# [What you should do]
Every entry should be copied exactly, with nothing added or dropped.

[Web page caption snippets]
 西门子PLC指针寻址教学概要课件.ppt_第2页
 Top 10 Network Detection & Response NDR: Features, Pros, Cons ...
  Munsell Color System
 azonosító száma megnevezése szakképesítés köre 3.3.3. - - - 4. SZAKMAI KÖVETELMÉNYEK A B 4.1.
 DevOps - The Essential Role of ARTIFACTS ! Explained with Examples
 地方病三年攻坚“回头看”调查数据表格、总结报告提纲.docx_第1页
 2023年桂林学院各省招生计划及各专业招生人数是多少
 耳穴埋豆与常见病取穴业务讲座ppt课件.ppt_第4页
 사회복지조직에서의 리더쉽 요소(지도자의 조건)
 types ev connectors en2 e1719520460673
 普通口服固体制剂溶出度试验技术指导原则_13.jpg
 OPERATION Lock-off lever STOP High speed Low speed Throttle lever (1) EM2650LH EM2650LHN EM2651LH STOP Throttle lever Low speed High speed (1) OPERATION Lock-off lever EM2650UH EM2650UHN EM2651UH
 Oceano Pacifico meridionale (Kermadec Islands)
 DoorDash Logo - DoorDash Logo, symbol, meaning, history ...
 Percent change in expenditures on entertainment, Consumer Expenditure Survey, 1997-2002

# [Response area]
 西门子PLC指针寻址教学概要课件.ppt_第2页
 Top 10 Network Detection & Response NDR: Features, Pros, Cons ...
  Munsell Color System
 azonosító száma megnevezése szakképesítés köre 3.3.3. - - - 4. SZAKMAI KÖVETELMÉNYEK A B 4.1.
 DevOps - The Essential Role of ARTIFACTS ! Explained with Examples
 地方病三年攻坚“回头看”调查数据表格、总结报告提纲.docx_第1页
 2023年桂林学院各省招生计划及各专业招生人数是多少
 耳穴埋豆与常见病取穴业务讲座ppt课件.ppt_第4页
 사회복지조직에서의 리더쉽 요소(지도자의 조건)
 types ev connectors en2 e1719520460673
 普通口服固体制剂溶出度试验技术指导原则_13.jpg
 OPERATION Lock-off lever STOP High speed Low speed Throttle lever (1) EM2650LH EM2650LHN EM2651LH STOP Throttle lever Low speed High speed (1) OPERATION Lock-off lever EM2650UH EM2650UHN EM2651UH
 Oceano Pacifico meridionale (Kermadec Islands)
 DoorDash Logo - DoorDash Logo, symbol, meaning, history ...
 Percent change in expenditures on entertainment, Consumer Expenditure Survey, 1997-2002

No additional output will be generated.